What the task asks: Would you return, word for word, the lines running from the one with "Laura Pausini, nomination" to the final line of the listing below, pictures omitted?

Collected material:

=== Begin Enclosure ===

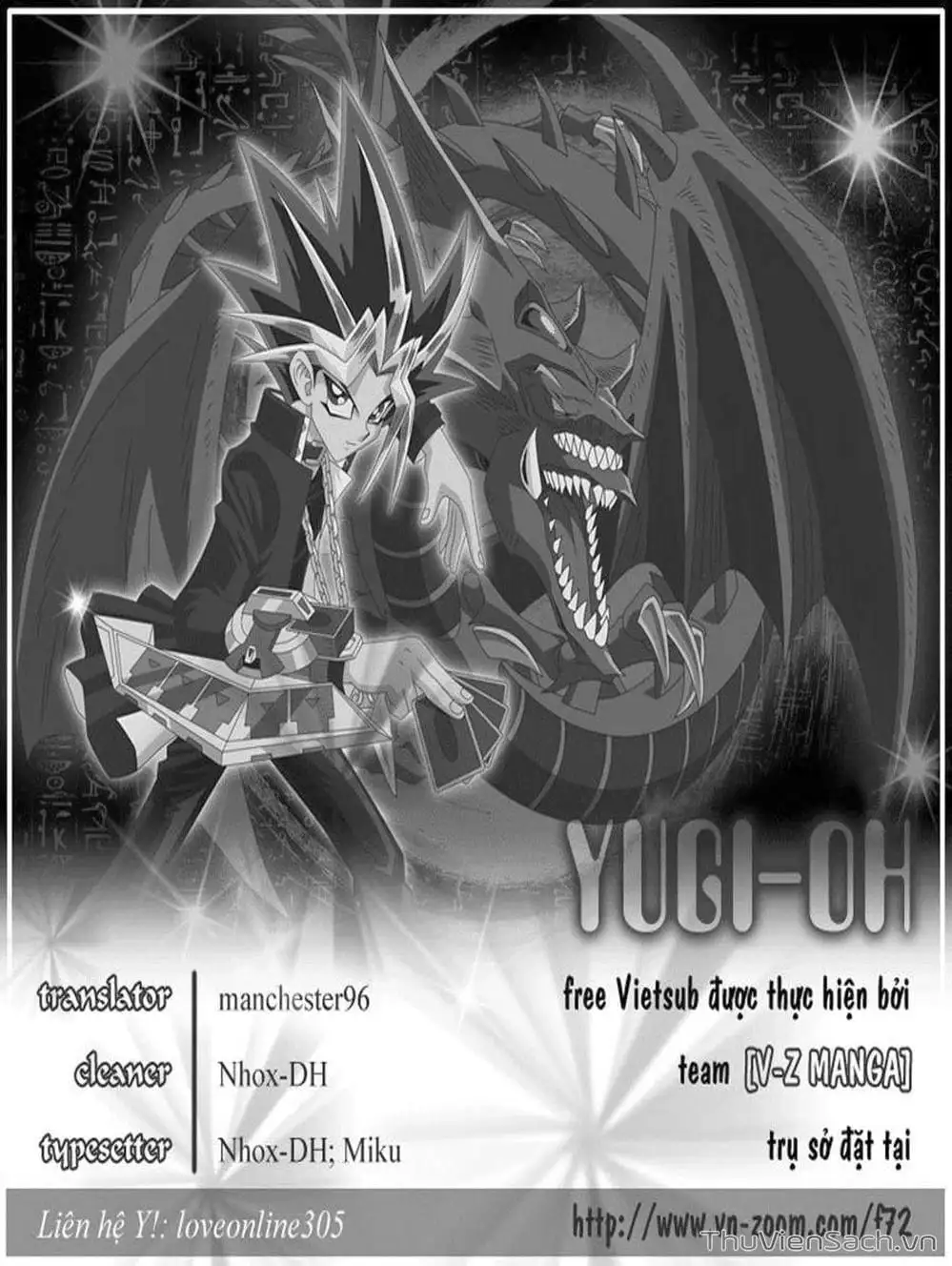 Truyện Tranh Vua Trò Chơi - Yugi Oh trang 5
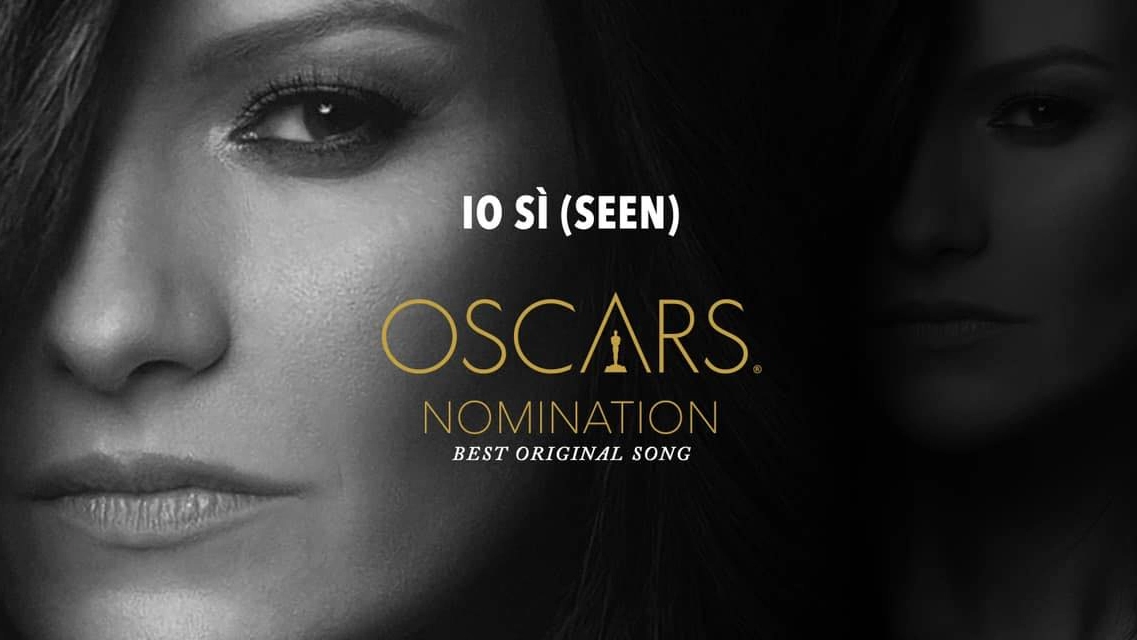 Laura Pausini, nomination agli Oscar (da Facebook)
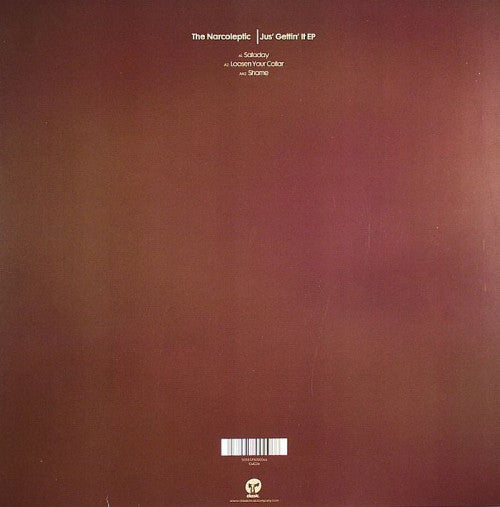 The Narcoleptic : Jus' Gettin' It EP (12", EP)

=== End Enclosure ===

Result:
 Laura Pausini, nomination agli Oscar (da Facebook)
 The Narcoleptic : Jus' Gettin' It EP (12", EP)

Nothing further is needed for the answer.